During fast forwarding, the emulated cycles are set to a fixed rate. 10000 while in real mode and 30000 while in protected mode. Protected mode is a different operational mode supported fully by Intel 386 and newer CPUs. Most DOS games made after 1993 or so use this, and so do all Windows since 3.1. While fast forwarding, I chose those fixed cycle counts because it gave the best results with a few tests I did. If one fast forwards with too many emulated cycles, an older game might take a long time to actually draw a frame because so much time is spent emulating the CPU essentially doing nothing. The goal of fast forwarding certainly isn't to make the cycles number go high, it is to make an emulated game run as fast as possible. For most DOS games this means keeping the count low but ignore the frequency of the emulated monitor and just let it run and draw frames as fast as possible.

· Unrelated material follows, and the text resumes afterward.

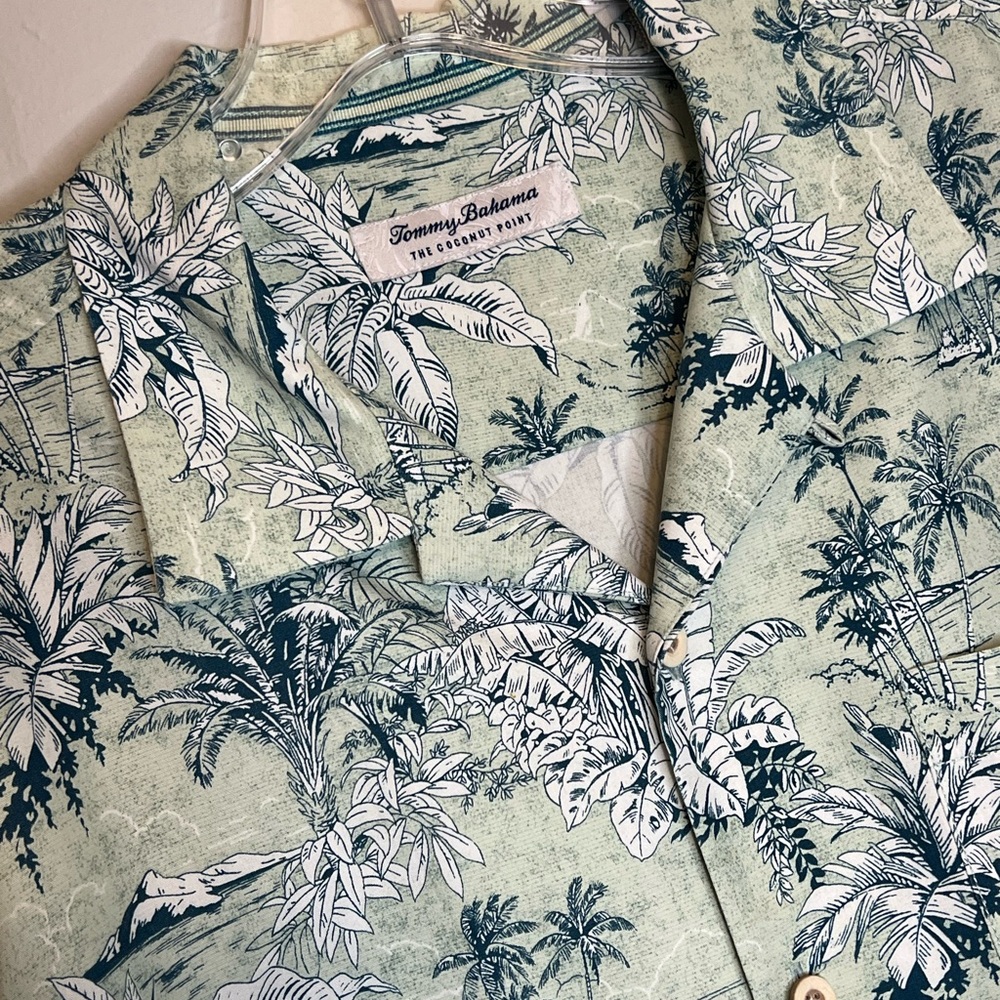 Tommy Bahama Men's Medium Coconut Point Short Sleeve Tencel Modal Coolmax Shirt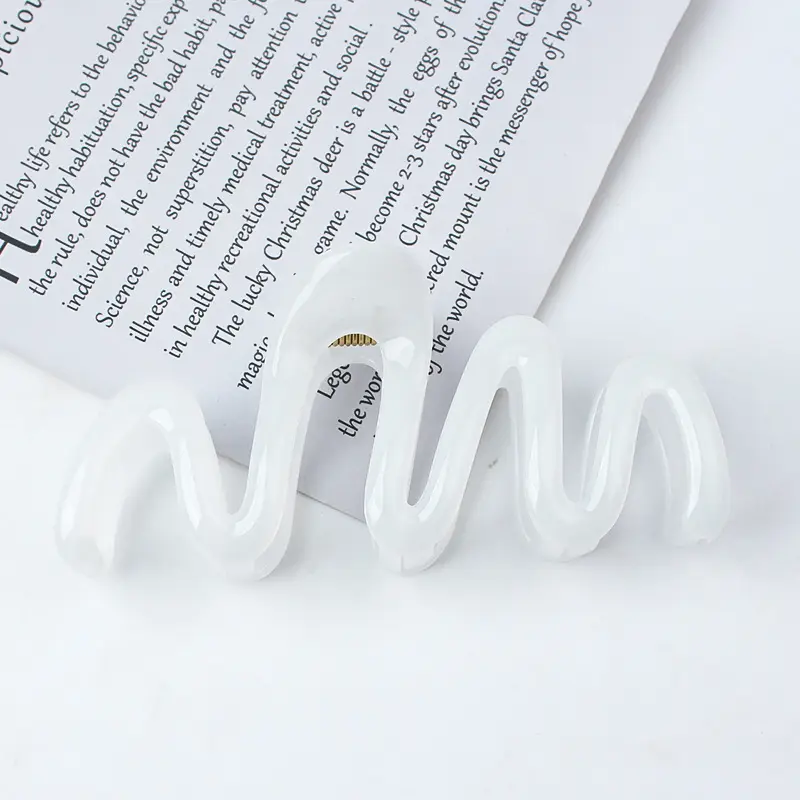 New Wave Frosted Hair Clips for Bathing - Image 15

Xbox-Series-X-User commented 3 months ago

Thanks for your response. Another question though with the networking ne2000 tcp/ip is it possible to play games with dedicated servers or connect to the lan for ftp so i can stop just putting everything into iso's to add applications for example? And if it is possible, after configuring the irq to 10 and I/o address range to 300 - 31f (or is that irq and I/o range i have set incorrect?) what else would i need to do to ensure connectivity? Or is it not possible without Npcap ( which I'm guessing is the problem ) maybe retroarch passes the Internet connectivity somehow which is how the net play works?

schellingb commented 1 month ago

DOSBox Pure's networking (Modem, IPX and NE2000 Ethernet) is limited between multiple instances of DOSBox Pure running in RetroArch connected via RetroArch's NetPlay. There is no connectivity to anywhere else like the actual internet.